§ Exercise objective: Reproduce exactly the lines from the one that holds "Archilochus colubris" through the last line of the entries, both ends included, but not the pictures.

Scraped caption text data:
☆ ☆ ☆

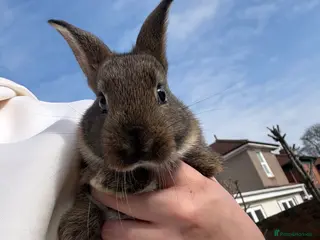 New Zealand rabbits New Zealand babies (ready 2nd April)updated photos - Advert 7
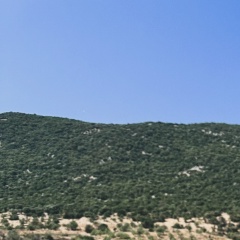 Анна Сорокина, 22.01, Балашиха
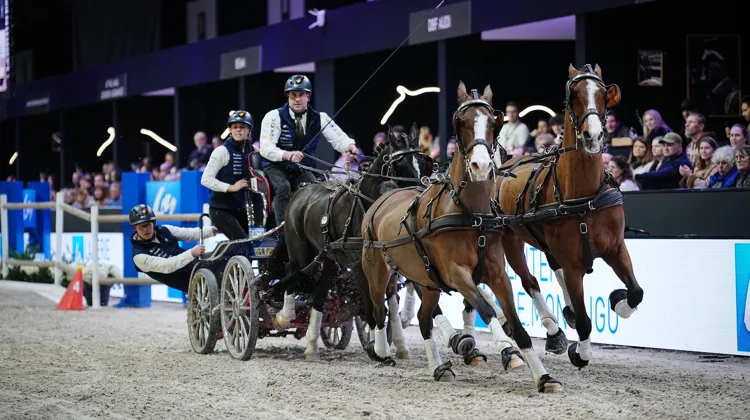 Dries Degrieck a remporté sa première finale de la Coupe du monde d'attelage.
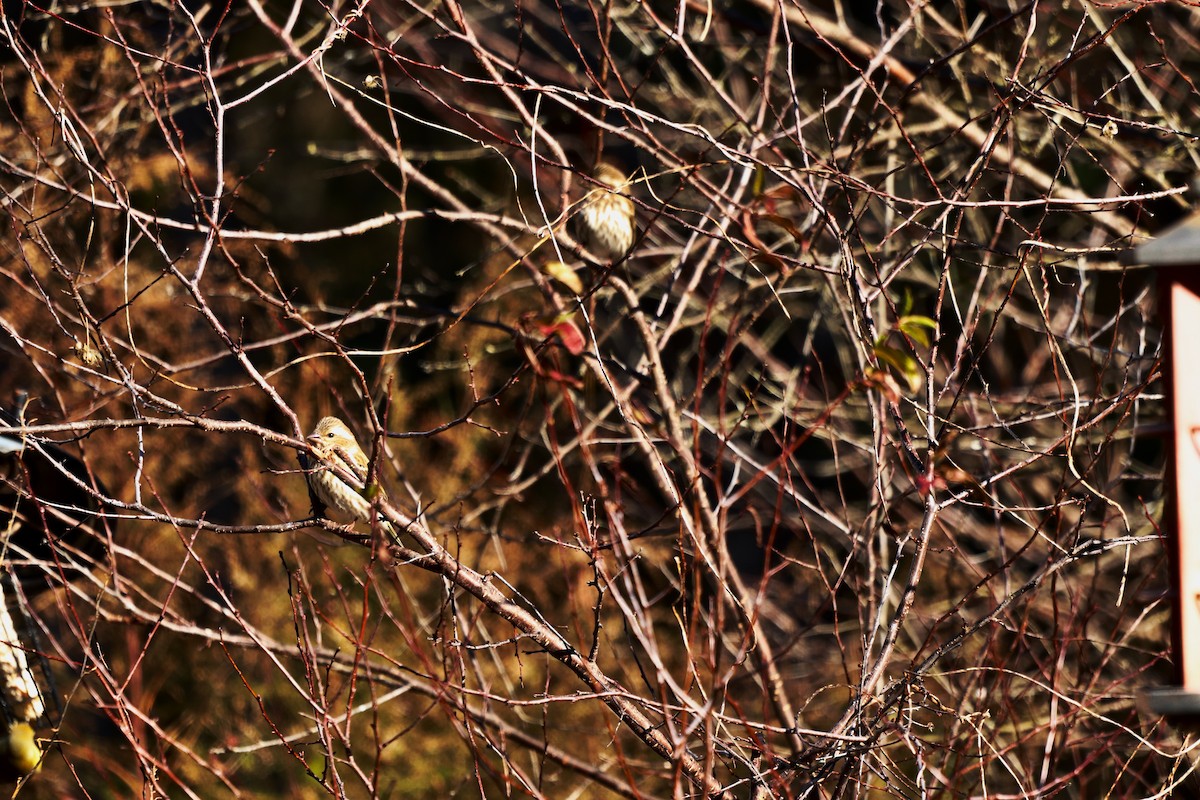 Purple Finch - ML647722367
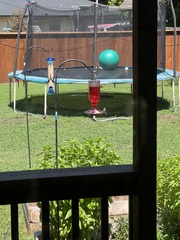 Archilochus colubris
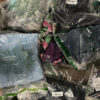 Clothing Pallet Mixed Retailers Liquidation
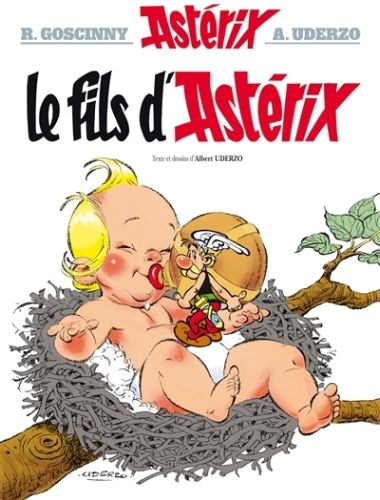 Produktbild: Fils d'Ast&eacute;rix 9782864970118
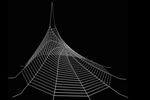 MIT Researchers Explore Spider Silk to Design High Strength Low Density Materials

☆ ☆ ☆

§ Result for this task:
 Archilochus colubris
 Clothing Pallet Mixed Retailers Liquidation
 Produktbild: Fils d'Ast&eacute;rix 9782864970118
 MIT Researchers Explore Spider Silk to Design High Strength Low Density Materials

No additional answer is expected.